Open lastrosade opened 5 months ago
In case like me anyone else isn't familiar with that acronym: https://github.com/ggerganov/llama.cpp/blob/master/grammars/README.md
I experimented with this by allowing for parameters to be part of all URLs, and then telling llama3 to append two of them. It works very well:
Put this into the prompt for page generation (as well as for search results, or make it a system prompt). (Of course you will have to alter the url parsing a little to keep + strip out the parameters for further use also!)
Generate a webpage from the fictional site of '{url}' at the resource path of '{path}' with parameters: '{params}'. Make sure all links generated either link to an external website, or if they link to another resource on the current website, they have the current url prepended ({url}) to them. Append the parameter '?&description=(short summary of the linked webpage here that describes the content or purpose)' to all generated URLs. Also append the parameter '&previous-webpage=(short summary of the current website that the link appears on)' as final parameter. These parameters help you to figure out what to generate, so you must generate them on each link. If there are other parameters needed, make sure to combine them. Here is an example of a finished link: '<a href=\"http://www.flower-website.com/?parameter1=cart&description=Shopping cart of the town's best flower shop website&previous-webpage=Merchant directory, flower shop subpage\">Link title here</a>' Update the previous-webpage parameter to match the currently generated webpage.
That way you also get pages generated that roughly match what the fake search engine spits out, and they are thematically grouped.
Probably only a band-aid and could be implemented in a more elegant way, but it is easy enough to do like this.
Great idea.
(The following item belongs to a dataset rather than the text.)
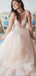 V Neck Simple Tulle A-line Cheap Wedding Dresses, Mermaid Wedding Gown, WD702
I added it and it does help a lot for the coherence. However, I see even more of the problem where the generated links on the following pages do not have the 127.0.0.1:5000 prepended to it. Is there a way to fix this to ensure all links get that?
@scalar27 🤔 I just serve the thing on localhost on port 80 and thereby no port is required and links just all work without any hassle.
You can tell flask which port to use in the main.py
, like so
if __name__ == "__main__":
app.run(host='127.0.0.1', port=80, debug=False)
print(engine.export_internet())
Alternatively I suppose you could append the port to all hrefs by modifying the _format_page
function in the ReaperEngine.py
file to include that.
When generating the URLs, generate a website description and use that description to guide the generation of the web page. Consider using GBNF for this.